Oct. 19, 2019, 9:05 a.m.(1/16/1012 AR)

Relationship Note on Shard

Met with Shard again. Try as I might, I can't seem to get a smile out of her that doesn't look threatening - of course, it probably doesn't help overmuch that we have a point of contention between us. Still, I can't bring myself to dislike her. She follows her own compass, and sticks to it like a fucking arrow that's already been loosed. Unwavering?

She's... I don't know - dangerous? But dangerous in the way that appeals to me. (Not that sort of appeal.) ((...I don't think?))

Just once I'd like to share enough drinks with her to actually get her past talkin' about something beyond current events, but we seem to always be interrupted by something or another.

Written By Sydney

Oct. 19, 2019, 8:58 a.m.(1/16/1012 AR)

Relationship Note on Evaristo

Busy, busy day. To say I didn't spend the bulk of it drunk would be to tell a lie, but still a productive day.

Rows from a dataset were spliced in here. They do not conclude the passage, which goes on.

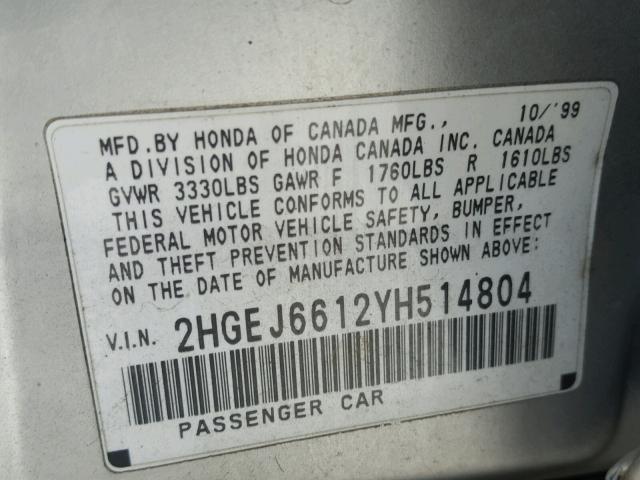 2HGEJ6612YH514804 - 2000 HONDA CIVIC BASE Gümüş foto 10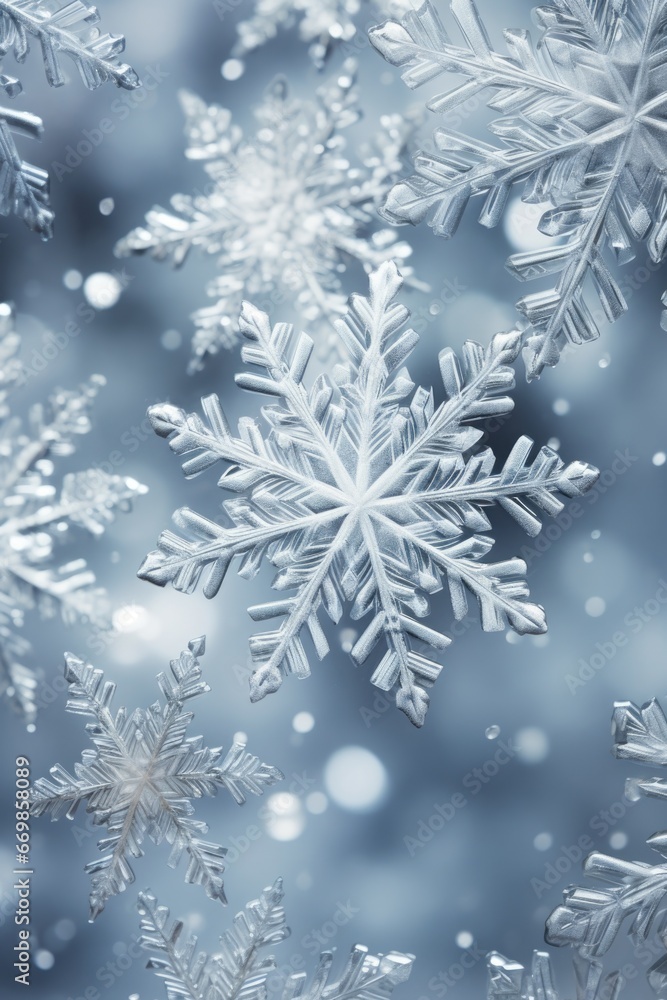 Poster a beautiful image capturing a bunch of snowflakes gracefully floating in the air. perfect for winter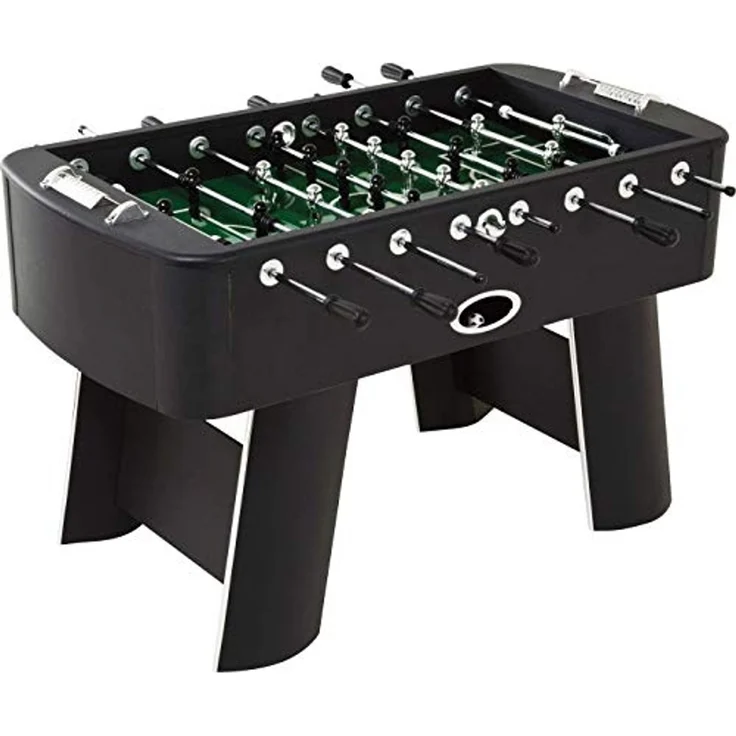 Kare Design Kicker Style schwarz/silber, Kickertisch, Fußballtisch, kugelgelagert, inkl. 4 Bälle, Figuren austauschbar, Fußballkicker, 90 x 125 x 145 cm (H/B/T) – Bild 4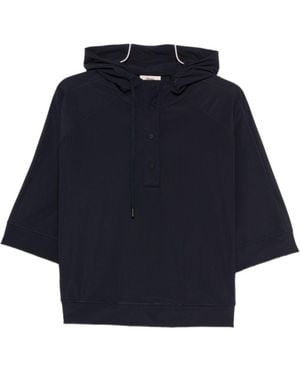 Herno Half-Sleeve Hooded Jumper - Blue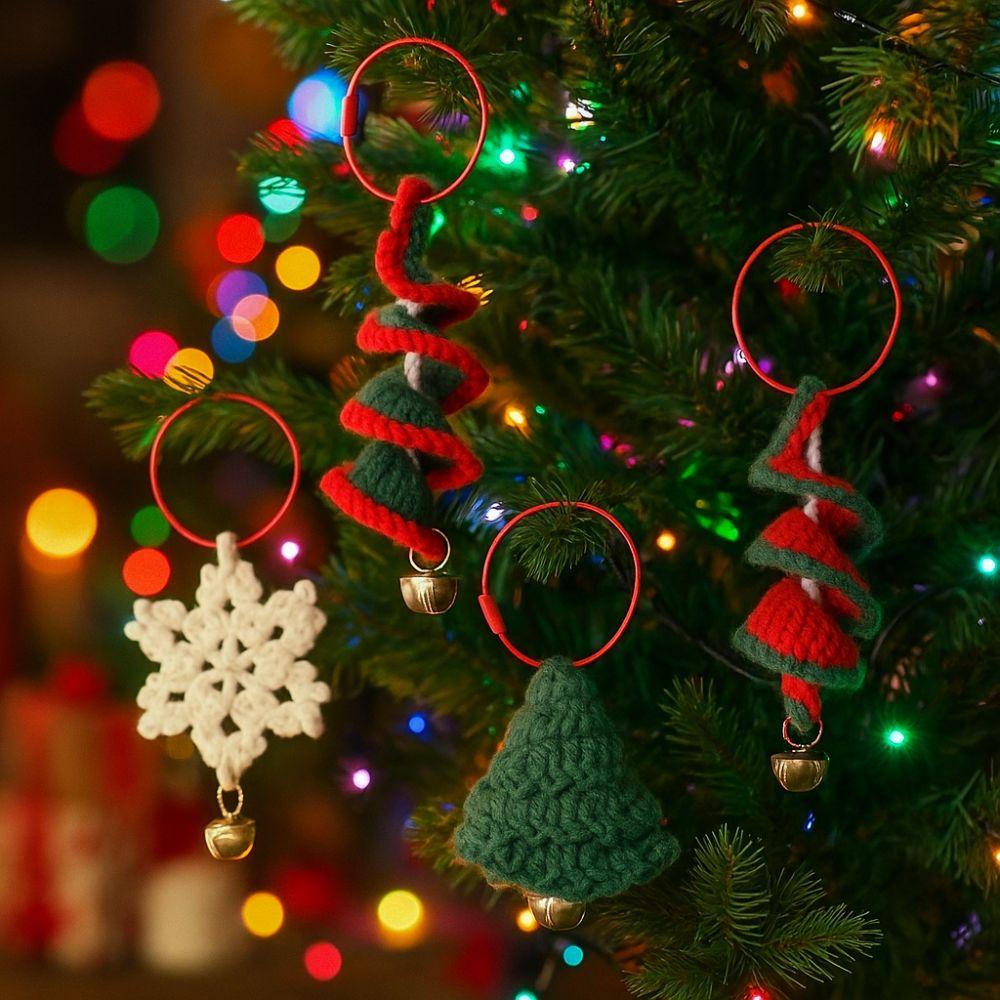 Yarn Weaving Christmas Hanging Ornament Snowflake Bell Cartoon Christmas Tree Bell Handmade Knitted Xmas Tree Pendant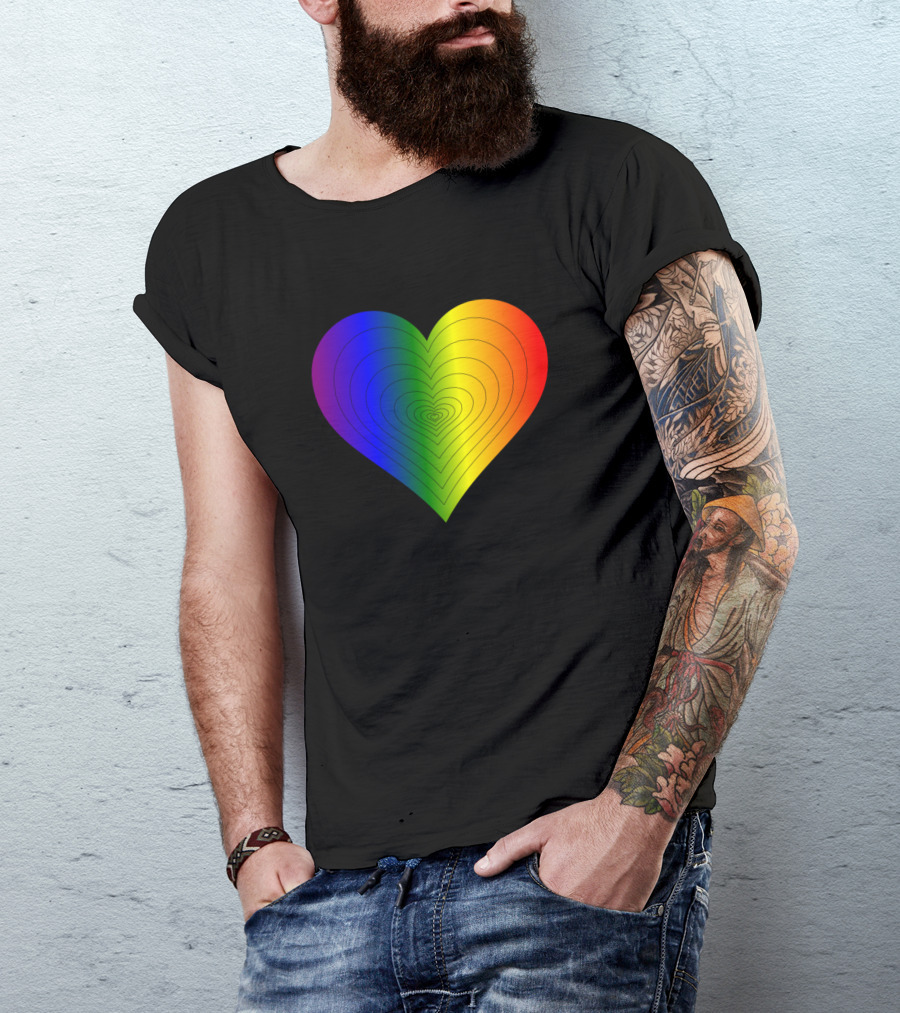 Regenbogen Herz Buntes Liebessymbol T-Shirt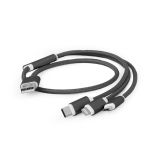 Gembird kabel USB 3w1 do ładowania micro USB/USB-C/8-pin, czarny, 1m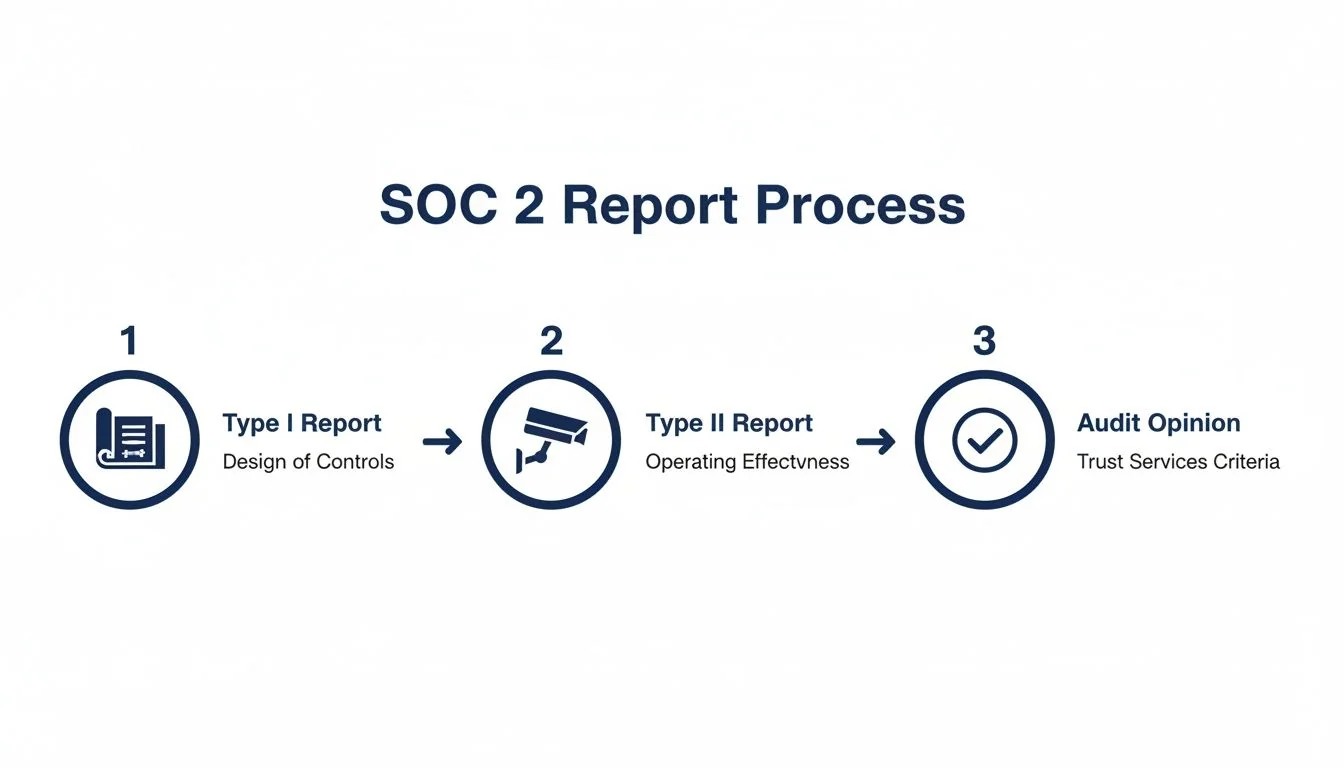 Infographic comparing Scytale SOC 2 Type 1 and Type 2 report structures and review process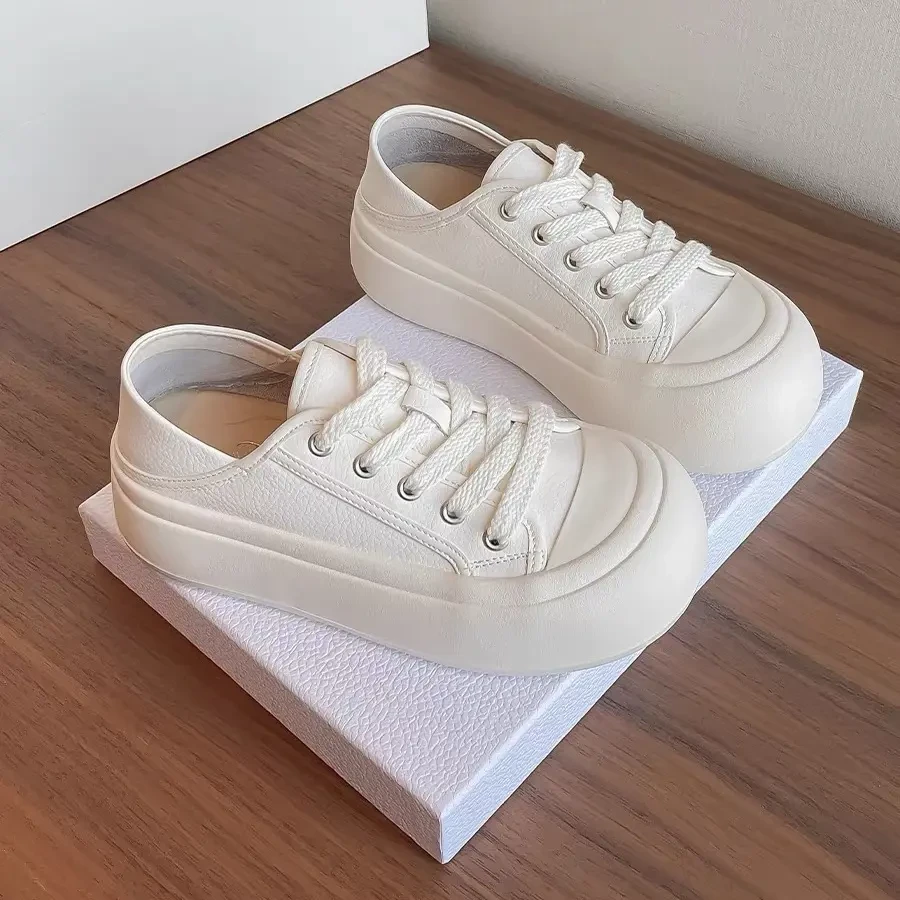 5811 真皮厚底两穿小白鞋女秋季丑萌大头软底百搭休闲增高板鞋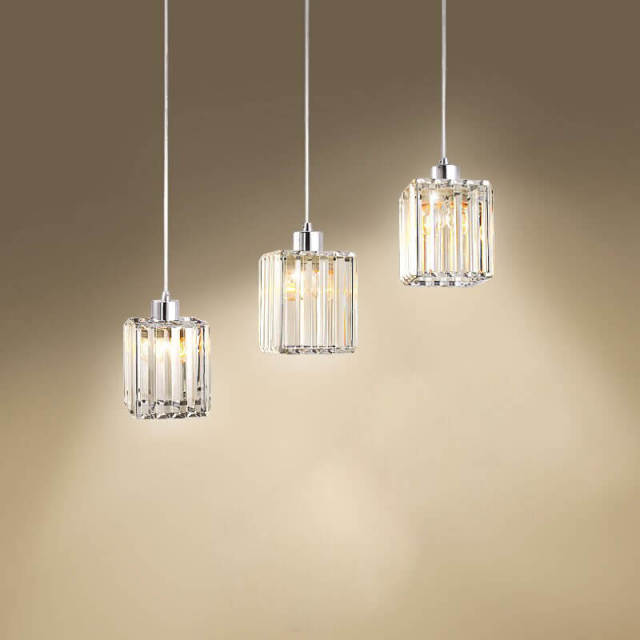 Clear Crystal Dining Room Pendent Lamp Fashion Restaurant Kitchen Pendant Light Cafe Bar Counter Shops Hanging Lights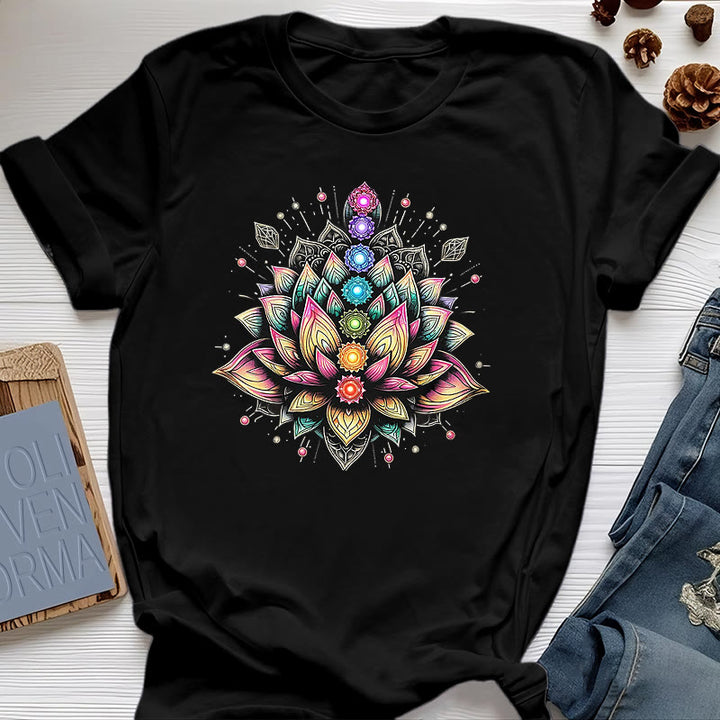 Olivenorma Chakra Fleur de Lotus Yoga Méditation T-Shirt - Noir - 2XL - image 0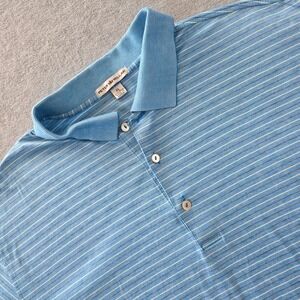 Peter Millar Men XL Blue Striped Short Sleeve 100% Cotton Polo Shirt Golf Casual
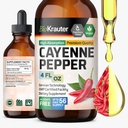 BIO KRAUTER Cayenne Pepper Extract Vedelik - Puhas kapsaitsiini ekstrakt - Vedel Cayenne Pepper tilgad seedetrakti toetuseks - Suhkur ja alkoholivaba 4 Fl.Oz.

Made a more thorough acquaintance of Evaristo, whom I first met during the People's Champion tournament. Easier to talk to than I anticipated, and what's better, he actually shared a drink with me rather than just watching me plaster myself. I think it's been a stretch since his drinking days. I had a lead on him in empties, and he still had to tap out first. Asked me to walk him home, and I was happy to oblige. A couple of drunks stretching their legs. He's made some silver, and no mistake, but it doesn't seem to have turned him all... silky. I respect that. I respect that a lot.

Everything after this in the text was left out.